In [12]:
from Model import *
from DataLoader import *
from Setting import *
import collections
import os
import numpy as np
import pickle
import heapq

## Week3 code1 Huffman coding (Greedy)

In [13]:
class Node():
    def __init__(self):
        self.isleaf = None
        self.father = None
        self.children = []
        self.value = None


In [14]:
# heapq class
class Heap(object):
    
    def __init__(self, initial=None, key=lambda x:x , reverse = False):
        self.key = key
        if initial:
            self._data = [(key(item),id(item), item) for item in initial]
            heapq.heapify(self._data)
        else:
            self._data = []

    def push(self, item):
        heapq.heappush(self._data, (self.key(item),id(item), item))

    def pop(self):
        try:
            return heapq.heappop(self._data)[2]
        except:
            return None

    def length(self):
        return len(self._data)

In [45]:
class Huffman(Model):
    def __init__(self):
        super().__init__()

        
    def preprocess(self):
        self.data = self.dataLoader.data[1:]
        self.codedict = {}
    
    
    def expend_fathernode(self,node):
        if node.isleaf == True:
            self.codedict[int(node.id[0])] = node.code
            return 

        for index in range(len(node.children)):
            if index == 0:
                node.children[index].code =node.code +  '0'
                self.expend_fathernode(node.children[index])

            if index == 1:
                node.children[index].code =node.code +   '1'
                self.expend_fathernode(node.children[index])

        
        
        
    def model(self):
        
        indexed_data = dict(zip(range(len(self.data)),self.data))
        listed_data = list(zip(self.data,range(len(self.data))))
        listed_data = [(i[0][0],(i[1])) for i in listed_data]
        
        # Initialize heapq
        hp = Heap(listed_data, key = lambda x:x[0])
        
        # Initialize node
        for i in indexed_data.keys():
            node = Node()
            node.value = indexed_data[i][0]
            node.code = ''
            node.isleaf = True
            node.id = (i,)
            indexed_data[i] = node
            

        while hp.length() > 1:
            # Pop two nodes from heapq
            popnode1 = indexed_data[hp.pop()[1]]
            popnode2 = indexed_data[hp.pop()[1]]
            
            '''
            initiate a father node, 
            isleaf = false, 
            value = [subnode1_value, subnode2_value]
            Children = [popnode1, popnode2]
            '''
            
            father_node = Node()
            father_node.code = ''
            father_node.isleaf = False
            father_node.id = popnode1.id + popnode2.id       
            father_node.value = popnode1.value + popnode2.value
            father_node.children.append(popnode1)
            father_node.children.append(popnode2)

            
            # push father node to the heapq
            hp.push((father_node.value,father_node.id))
            
            # store father node into hashtable
            indexed_data[father_node.id] = father_node
        
        # Expend the root node and assign code
        self.expend_fathernode(father_node)
        
        # Compute the max length of code
        max_length = max([len(i) for i in self.codedict.values()])
        min_length = min([len(i) for i in self.codedict.values()])
        

        print('Need bits:',sum([len(self.codedict[i[1]]) * i[0] for i in listed_data]))

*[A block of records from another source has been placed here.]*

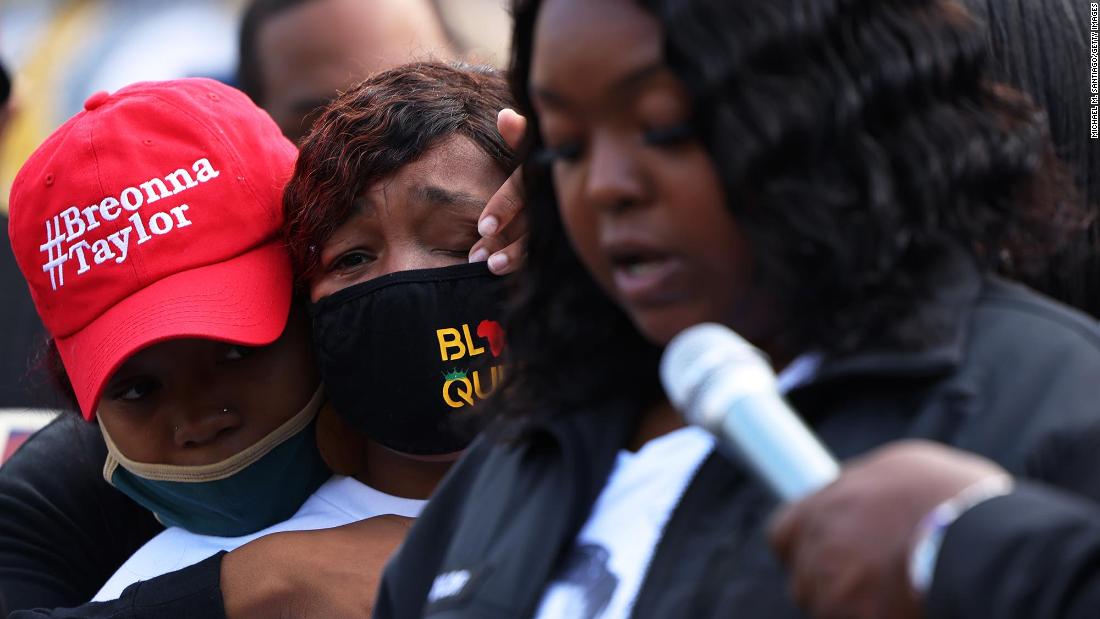 Ju&#39;Niyah Palmer, Breonna Taylor&#39;s sister, wipes away tears from the face of her mother Tamika Palmer, Breonna Taylor&#39;s mother, as Bianca Austin, the aunt of Breonna Taylor, speaks at a press conference in Jefferson Square Park in Louisville on September 25.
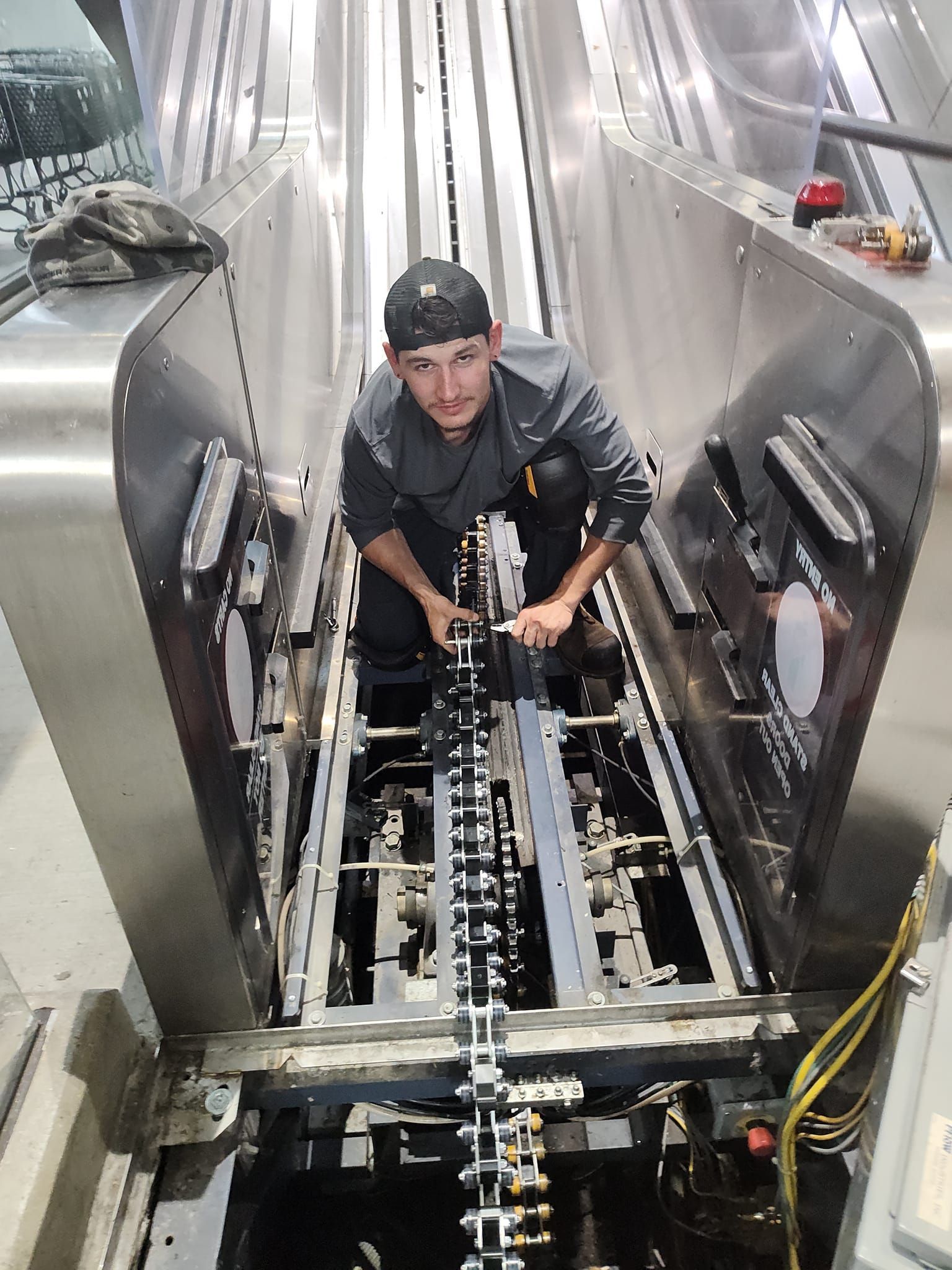 Man in gray uniform working on escalator machinery, with tools. Inside, metal structure.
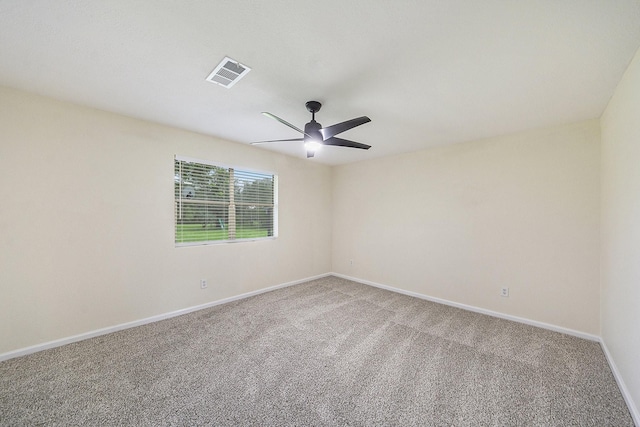 unfurnished room featuring carpet flooring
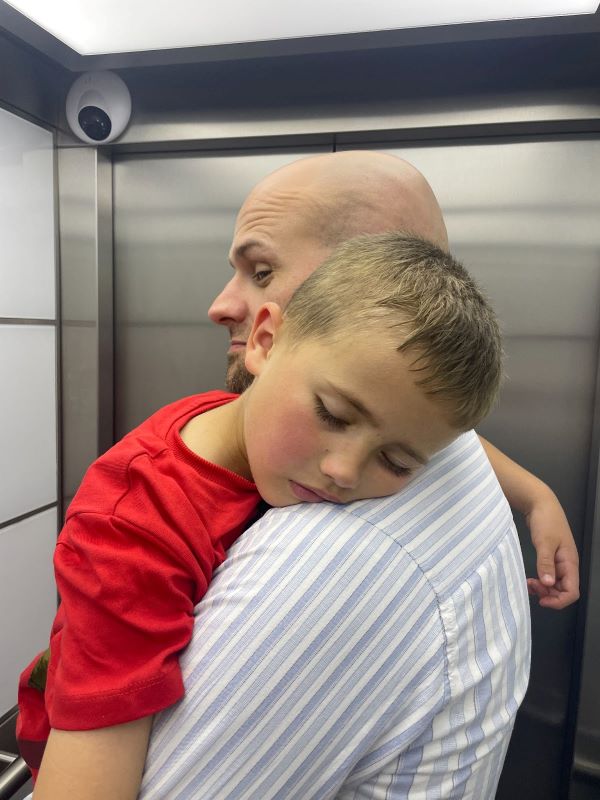 A tender moment as a father carries his tired son in a red shirt, both in the quiet space of a cruise ship elevator, after a day in the kids' club.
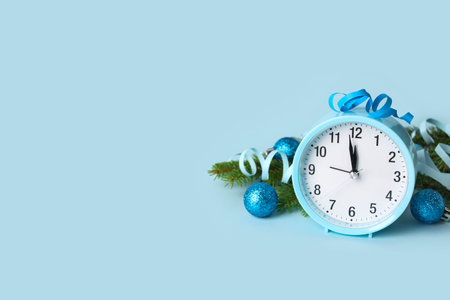 Alarm clock and Christmas tree branches with balls on blue background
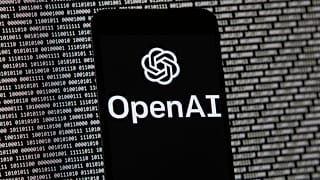  Le logo de l'OpenAI apparaît sur un téléphone portable devant un écran d'ordinateur contenant des données binaires aléatoires, le 9 mars 2023, à Boston.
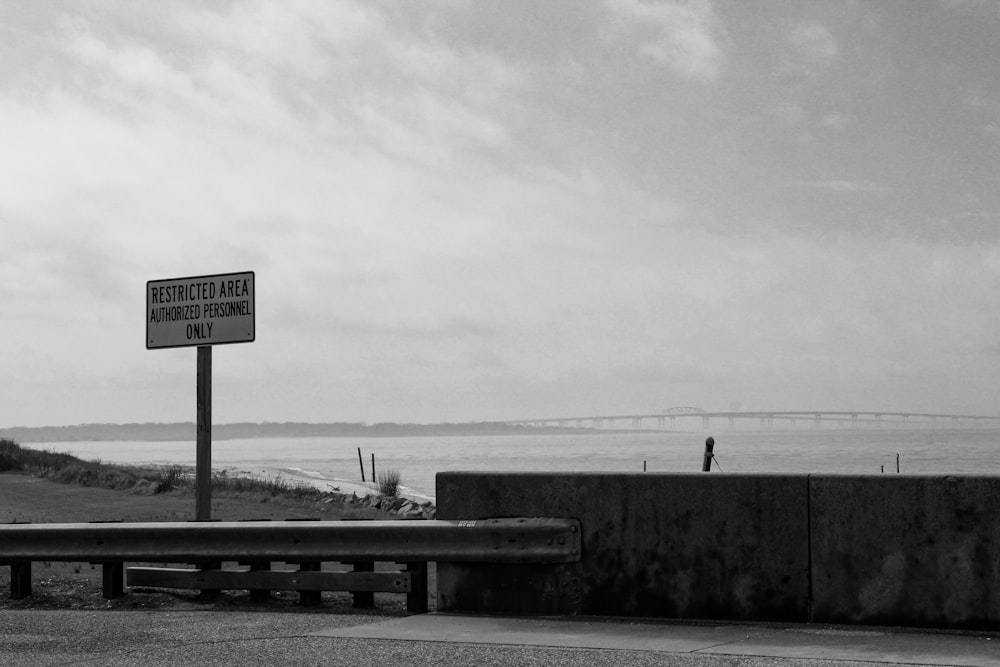 road sign board grey-scale photgraphy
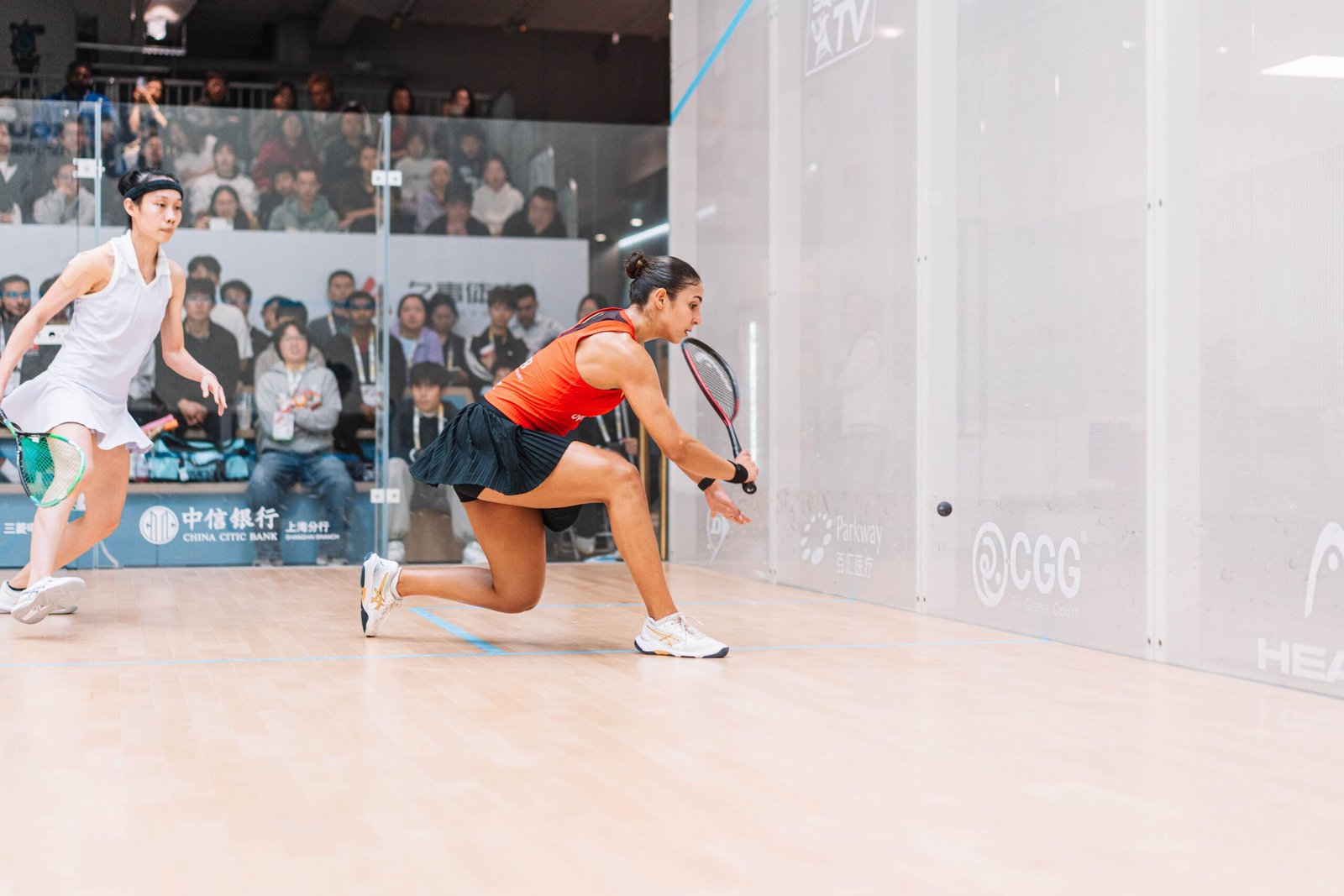 A squash player stretched low in the front corner digging out a ball that has come off the side wall close to the front wall
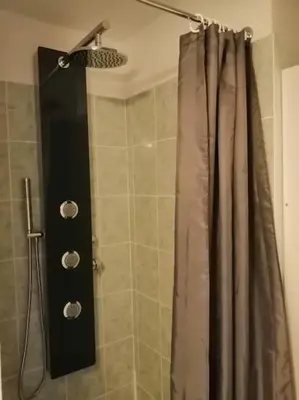 a shower with a shower curtain in a bathroom at chez bruno et marie jo in Saint-Saturnin-lès-Avignon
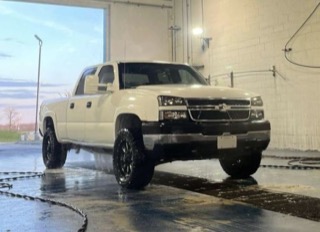 White pickup truck with black wheels, standing in a car wash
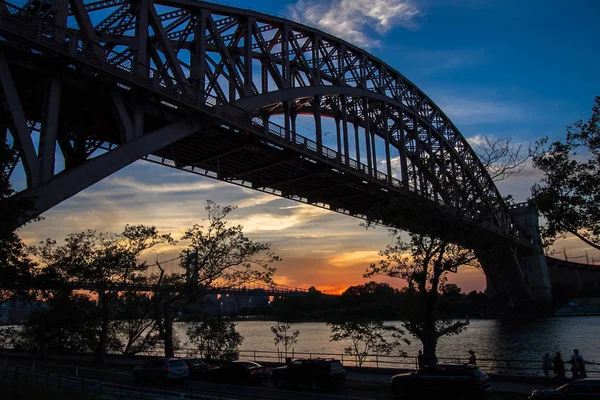 Hell Gate Bridge and in silhouette with sunset sky, New York — Stock Photo, Image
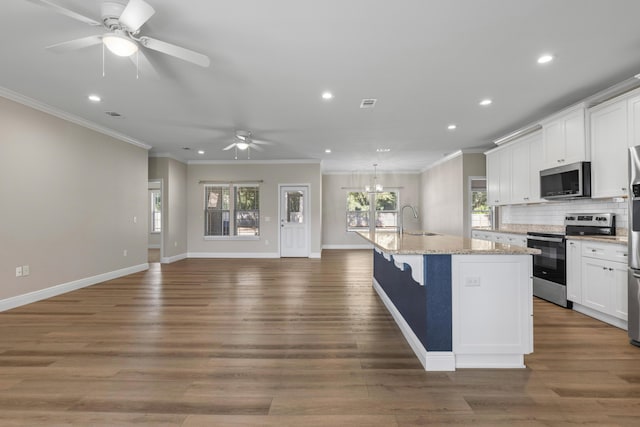 kitchen with stainless steel appliances, white cabinetry, a kitchen island with sink, and sink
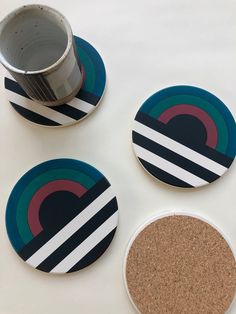 three coasters with different designs on them sitting next to a cup and saucer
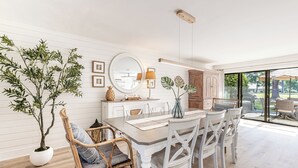 A dining area with a wooden table, white chairs, a large mirror, and a potted plant.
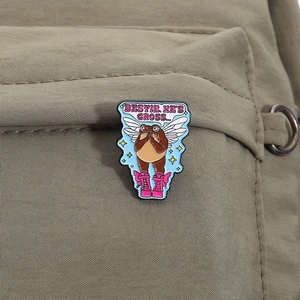 Close-up of a funny frog badge with wings pinned to a backpack as a unique accessory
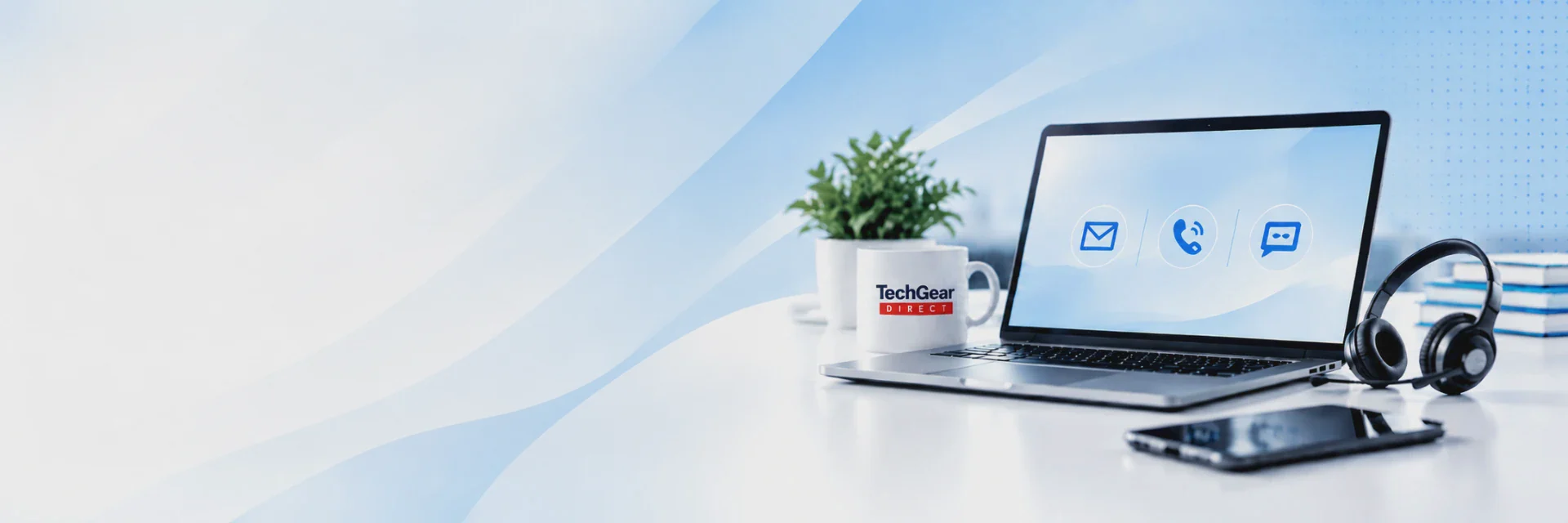 Laptop showing email, phone and chat icons beside a TechGear Direct mug, a small plant, a headset, a smartphone and notebooks on a bright white desk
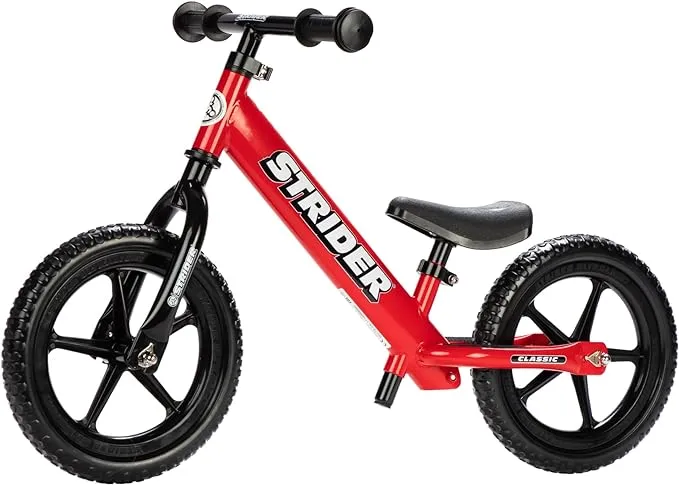 Strider 12” Classic Bike - No Pedal Balance Bicycle for Kids 1 to 3 Years - Includes Built-In Footrest, Handlebar Grips & Flat-Free Tires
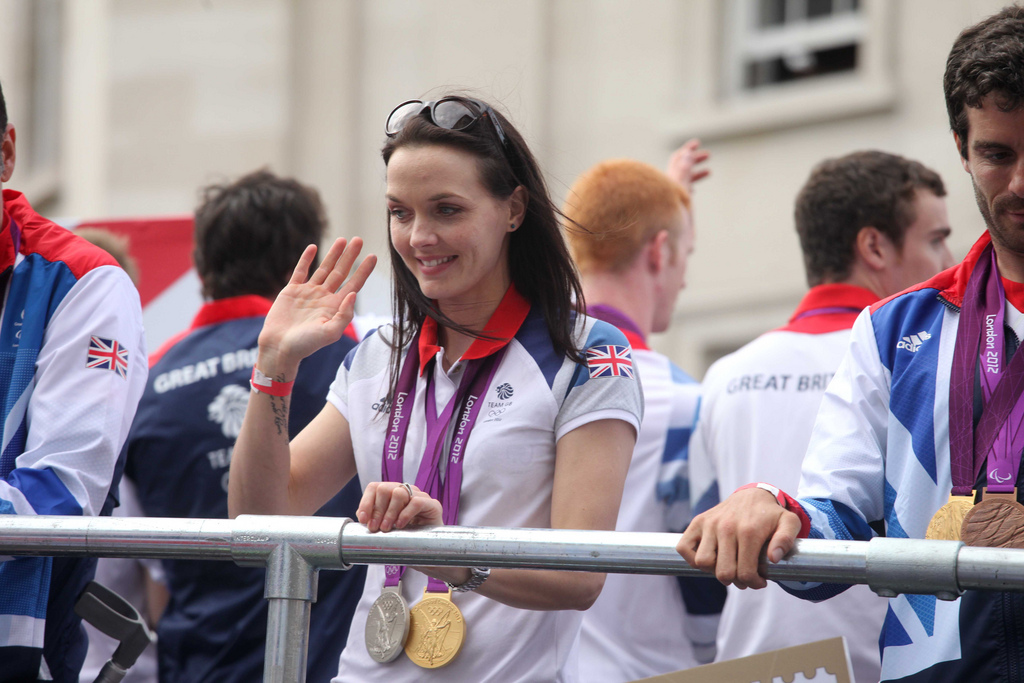 Victoria Pendleton waves from the Olympic parade bus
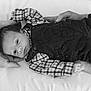 Victor a rejoint le concours — aidez-le/la à gagner de superbes lots ! baby, infant, black_and_white, portrait, clothing, plaid, overalls, hands, tattoo, lying_down, calm, closeup, newborn, person, face, expression, soft_light, gentle, resting, bed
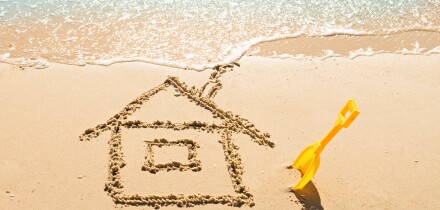 drawing of a house on the beach - concept safety and vacation
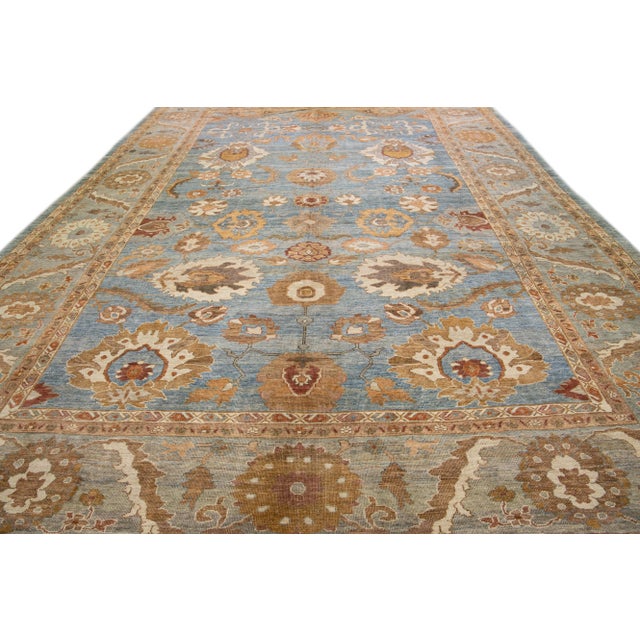 Beautiful modern Sultanabad hand-knotted wool rug with a blue field. This Sultanabad rug has brown, terracotta, and peach...
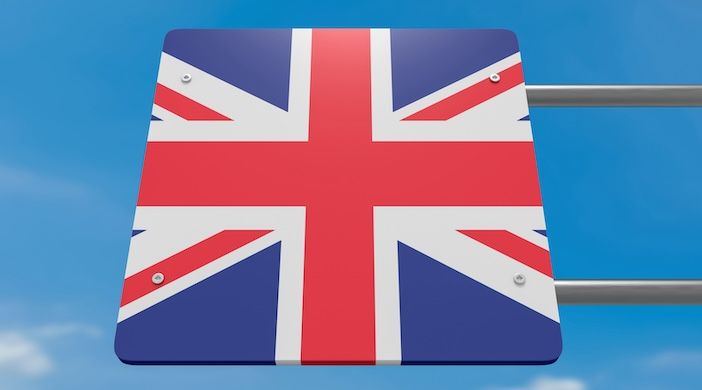 UK Union Jack Flag Road Sign Against A Cloudy Sky, 3d illustration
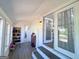 Inviting sunroom with shoe rack and access to the laundry room at 20 Rosser Rd, Mcdonough, GA 30252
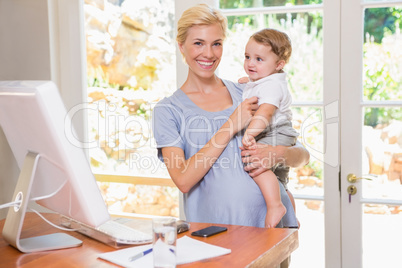 Blonde woman with his son using computer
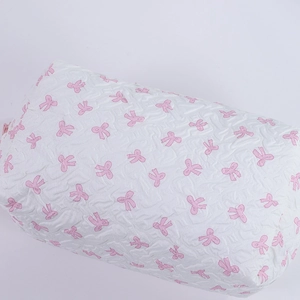 Detail of white makeup bag with pink bow pattern and quilted bubble texture fabric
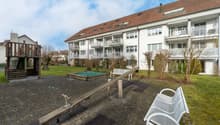 Large garden with play area, two benches, grassy area, and a covered pit for jumping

        return (max_length,min_length)

In [46]:
processLine = lambda x : list(map(int,map(str.strip,x.split())))
arg = {'fileName':'./data/huffman.txt','numLines':None ,  'processLine' : processLine  }

d = DataLoader(**arg)
m = Huffman()
s = Setting(d,m,False)
s.run()

Loading data ...
Total 1001 lines read
--------------------------------------------------
Need bits: 48457275093
result:(19, 9)


## Week3 code2 Maximum weight independent set (path graph)

In [625]:
class mwi_set(Model):
    def __init__(self):
        super().__init__()

        
    def preprocess(self):
        self.data = self.dataLoader.data[1:]
        self.data = [i[0] for i in self.data]
        
        self.result_dict = {}
    
    def mwi(self,data):
        if len(data) == 1: 
            self.result_dict[len(data)] = data[0] 
            return data[0]
        
        if len(data) == 2: 
            self.result_dict[len(data)] = max(data)
            return max(data)

        if len(data) > 2:
            length = len(data)
            try:
                value1 = self.result_dict[length - 1]
            except:
                value1 = self.mwi(data[:length - 1])
                self.result_dict[length - 1] = value1
                
            try:
                value2 = self.result_dict[length - 2]
            except:
                value2 = self.mwi(data[:length - 2])
                self.result_dict[length - 2] = value2

            result =  max(value1,value2  + data[len(data)-1])
            self.result_dict[length] = result
            return result

    def find_path(self,result_list):
        S = set()
        i = len(result_list)-1
        while i>=0:
            if result_list[i-1] > result_list[i-2] + self.data[i]:
                i = i - 1
            else:
                S.add(i)
                i = i-2
                if i == 0:
                    S.add(i)
        return S
    
    def compute_bit(self,S):
        targ_v = [1,2,3,4,17,117,517,997]
        
        return [1 if (i-1 in S) else 0 for i in targ_v]
    
    
    def model(self):
        data = self.data
        self.mwi(data)
        result_list = [self.result_dict[i+1] for i in range(len(self.result_dict))]
        S = self.find_path(result_list)
        bitcode = self.compute_bit(S)
        return bitcode

In [626]:
processLine = lambda x : list(map(int,map(str.strip,x.split())))
arg = {'fileName':'./data/mwis.txt','numLines':None ,  'processLine' : processLine  }

d = DataLoader(**arg)
m = mwi_set()
s = Setting(d,m,False)
s.run()

Loading data ...
Total 1001 lines read
--------------------------------------------------
result:[1, 0, 1, 0, 0, 1, 1, 0]